Hulk Hogan was a man of many words when his son, Nick Bollea was charged with reckless driving for an incident that left his friend, who was in the car at the time, brain damaged. Of course this is horrifying and tragic news and devastating to both families however, these things do sometimes happen and when they do, really, the only person to be blamed, when there is blame to be placed, is on the driver. Everyone seemed to accept that, even Hulk Hogan as he stated on the Larry King Live show shortly after the accident.
However, it was during that same interview that Hogan also lavished heaps of praise upon young Nick for being a man about it and taking full responsibility. In the meantime, by the way, he also wondered what John Graziano, Nick’s friend, had done in his lifetime to deserve such a punishment. Nice. But now it seems that Nick does not need to own up and take full responsibility. While his friend has been left with huge, permanent disabilities, he gets to stroll on out of his jail cell three months earlier than originally expected. From Contact Music,
“HULK HOGAN’s son NICK BOLLEA will be released from prison three months early for good behaviour, according to U.S. reports.

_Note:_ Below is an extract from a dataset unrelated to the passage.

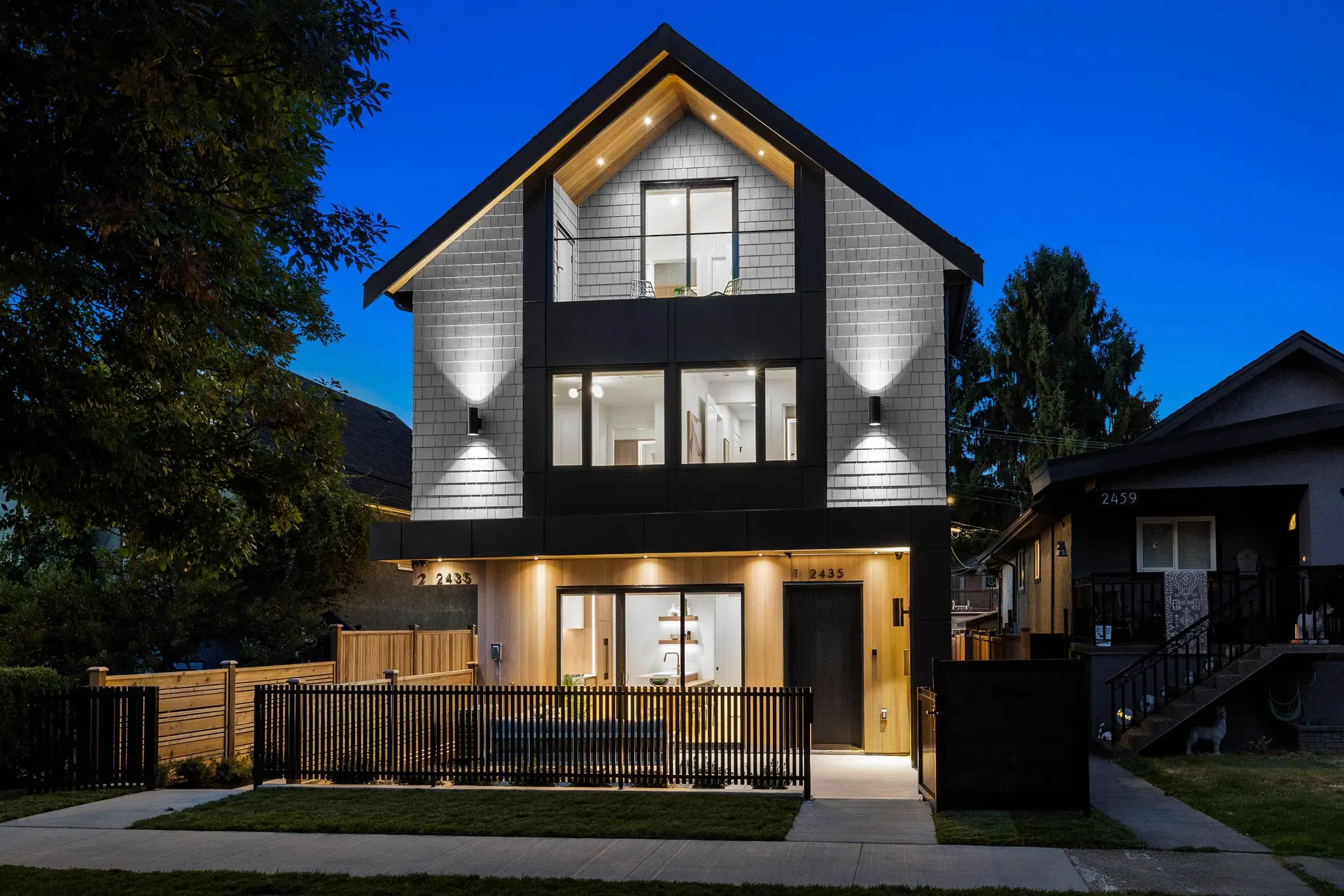 #1 – 2435 Napier Street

The former wrestler’s son is currently serving an eight-month sentence at Florida’s Pinellas County Jail, after pleading no contest to a felony reckless driving offence following a horrific car crash in Clearwater, Florida – which left his friend and passenger, John Graziano, brain damaged.
But the 18-year-old is eligible for early release for his good behaviour, reports People.com.
A source tells the publication, “(Inmates) automatically get credits towards early release, and if they don’t do anything bad while they’re here, they get to use the credits.”
Graziano’s family lawyer George Tragos admits he is not surprised to hear of Bollea’s early release.
He says, “It’s standard procedure. There is no way for us to impact his release date, that’s not within our control. It’s a formula worked out by the sheriff.”
What do you wanna bet that the sheriff’s formula has to do with who the inmate knows ‘on the outside’ and how much money they can get for granting early release. I realize early release happens all the time but it bothers me that Nick has virtually taken away this person’s life, as they had known it, and he gets to walk after serving only five months. The sentence of 8 months was ridiculously light to begin with and this entire case shows once again that laws do not apply to those of the privileged rich and famous, who are walking proofs that money can buy happiness…or at least freedom.